Execution memory <= M * (1 — spark.memory.storageFraction)

Storage memory >= M * spark.memory.storageFraction

Spark may evict the storage memory if required by Execution but only until total storage memory usage falls under this threshold defined by spark.memory.storageFraction. Default value of spark.memory.storageFraction is 0.5.

One of the common exceptions related to memory is – ‘ExecutorLostFailure Reason: Container killed by YARN for exceeding memory limits. 2.5 GB of 2.5 GB physical memory used. Consider boosting spark.yarn.executor.memoryOverhead

Memory overhead is the amount of off-heap memory allocated to each executor. Memory overhead is used for buffers and thread stacks. By default, it is set to either 10% of executor memory. You can try to increase this but it should respect the equation above i.e. (spark.executor.memory + spark.yarn.executor.memoryOverhead) *num-of-executors-per-instance < container memory.

Because this is about off-heap memory, there can be other (and better) ways to fix this like reducing executor core (since this would reduce the max number of tasks which reduces the required memory) or increasing number of partitions (since there are more partitions, amount of memory required per partition is less) or increasing executor memory (since this value is a factor of executor memory, increasing executor memory would increase memory overhead).

Another most common exception related is OutOfMemory, which can happen for various reasons like misconfiguring the clusters — over utilising the memory, objects persisted only in memory not spilling on disk, too much shuffling or insufficient user memory. For example, you are doing heavy processing in your application like image processing or something, you might want to decrease spark.memory.fraction to give more to user memory.

Good reads

https://spark.apache.org/docs/latest/tuning.html#memory-management-overview

Dynamic resource allocation

As you can see, configuring your cluster properly requires a bit of maths and if our workload is changing something elastic would be better. Dynamic resource allocation simplifies this for you. It adapts resources used in processing according to the workload. You can control this through configuration parameter spark.dynamicAllocation.enabled and other parameters that allow you to set the initial, minimum and maximum number of executors.

Good reads

https://spark.apache.org/docs/latest/job-scheduling.html#dynamic-resource-allocation

GC Tuning

Spark heavily relies on Java’s memory management and garbage collection since it can store large objects in memory.

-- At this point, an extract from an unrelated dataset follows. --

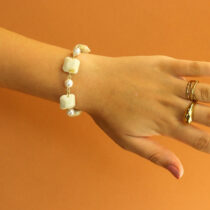 armband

The first step in GC tuning is to collect statistics on the frequency and execution times of the GC. This can be done passing -verbose:gc -XX:+PrintGCDetails -XX:+PrintGCTimeStamps as spark.executor.extraJavaOptions and spark.driver.extraJavaOptions in a job’s configuration. Similarly, you can set the GC type like -XX:+UseG1GC specifies that the G1GC garbage collector should be used (default is -XX:+UseParallelGC).

Spark has seen evolution in GC from the traditional memory management (heap space is divided into Young-Eden/Survivor and Old generations) — Concurrent Mark Sweep (CMS) GC and ParallelOld GC, to G1 GC (heap space divided into regions) which aims to achieve both high throughput and low pause, to project Tungsten available with higher-level APIs which aims to reduce GC by exploiting the schema knowledge of data to layout memory explicitly.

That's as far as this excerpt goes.